Thursday, November 12, 2009

CERVICAL MRI W/WO



This patient's history really got to me and it is a very interesting exam to see. The images I posted do not look like the original because I took these with my camera phone off of the computer screen so the T1 and T2 weighted images are not windowed properly but it was the best I could get. You can still clearly see the pathology I am talking about. This young man is only 22 years old, the same age as my brother, so that is why I think I put so much emotion into this study. The parents of this patient were practically having to do everything for him. He had a motorized wheelchair with a joy stick because he had very little use of his upper extremities and had been paralized from the waist down. I assumed he was born like this until I screened him and got his history. Last summer he (being over six feet tall himself) dove head first into an above ground swimming pool and suffered severe trauma to his cervical spine. He had to have surgery fusing C4 to C6 with a large strut graft and fusion plate. His injury paralized him. I felt so much sorrow for him and his family because he was an average everyday young man and because of his injury he will have to endure many hardships from here on out.

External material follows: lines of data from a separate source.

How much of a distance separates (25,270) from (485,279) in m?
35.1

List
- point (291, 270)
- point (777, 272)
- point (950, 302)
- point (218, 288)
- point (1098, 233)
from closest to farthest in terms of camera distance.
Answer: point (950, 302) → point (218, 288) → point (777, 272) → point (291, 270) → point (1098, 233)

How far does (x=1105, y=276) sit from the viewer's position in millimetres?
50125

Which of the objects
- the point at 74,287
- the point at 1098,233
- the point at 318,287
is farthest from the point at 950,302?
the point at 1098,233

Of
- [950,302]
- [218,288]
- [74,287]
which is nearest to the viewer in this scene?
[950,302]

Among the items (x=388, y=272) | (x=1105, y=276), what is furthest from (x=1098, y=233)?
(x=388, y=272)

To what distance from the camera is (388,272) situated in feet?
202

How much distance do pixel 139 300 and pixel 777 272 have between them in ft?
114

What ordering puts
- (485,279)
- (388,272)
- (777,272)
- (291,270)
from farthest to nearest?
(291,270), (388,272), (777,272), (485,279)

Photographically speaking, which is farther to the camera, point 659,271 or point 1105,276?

You could tell that he wasn't happy having to rely on his mother to physically care for him so much and that she was new to all this was apparent too. They let him do what he could on his own and he tried so hard to manuver onto the table using his arms, but that was the reason he had come for the MRI. The patient was having neck pain and bilateral upper extremity weakness. Once we started the scan we could tell the source of the symptoms. The patient has a 15mm cystic appearing intramedullary and intradural mass in the spinal cord at the level of C5 with surrounding edema. The radiologist stated in the report that this could be a neoplastic process or a post traumatic change and suggest a neurosurgical consult. The young age of the patient and the tragic history really made me stop and be thankful for my health and well being. I take so much for granted and patients and stories like these help me get back in focus. This was also a great study to learn from, I had never seen a pathology like this in the spinal cord. It is very interesting. I just wish we knew what happened to some patients post MRI or what the results of the pathology composition were.